With canvas you can:
- Remove the varnish.
- Remove and kill mold.
- Line, or Reline the Canvas – This involves, making a solution of beeswax and rosin and mounting the compromised canvas to a new linen substrate.
- Fill the Void, Texture – Once lined, we make a mixture of paris chalk, boiled linseed oil, and make a picture “putty” that is tinted. That is then used to carefully fill any missing area where the canvas has been torn. Before that dries, we take a piece of canvas and mimic the texture. Then after dried it is painted, carefully not blending or over painting any good areas.
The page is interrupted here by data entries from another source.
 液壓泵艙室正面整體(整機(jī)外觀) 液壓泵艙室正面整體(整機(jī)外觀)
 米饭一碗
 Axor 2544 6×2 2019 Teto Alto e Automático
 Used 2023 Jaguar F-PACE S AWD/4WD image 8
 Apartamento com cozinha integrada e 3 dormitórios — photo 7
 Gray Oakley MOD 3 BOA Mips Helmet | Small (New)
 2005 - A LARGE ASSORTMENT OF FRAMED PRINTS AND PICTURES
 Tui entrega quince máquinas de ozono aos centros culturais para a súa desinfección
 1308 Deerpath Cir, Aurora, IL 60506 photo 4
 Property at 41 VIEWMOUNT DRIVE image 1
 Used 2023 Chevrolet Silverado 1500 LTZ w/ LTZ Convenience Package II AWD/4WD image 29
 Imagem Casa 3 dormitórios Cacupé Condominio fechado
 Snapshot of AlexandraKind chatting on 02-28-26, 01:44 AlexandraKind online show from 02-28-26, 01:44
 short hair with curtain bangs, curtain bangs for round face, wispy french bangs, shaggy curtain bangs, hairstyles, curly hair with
- Feed the Oil – Using a combination of oils to feed the painting to restore the color and vibrancy. It is similar to using hand lotion to make skin look healthier.
- Inpaint – This means painting the missing areas.
- Varnish – Finally, use a coat of varnish to seal. Varnish is a protective coating that is meant to protect the art itself. Is it intended to be removed when it ages, and then reapplied.
You clean your carpet, drapes, and your clothes. So don’t neglect your art. Preserve it for future generations to enjoy.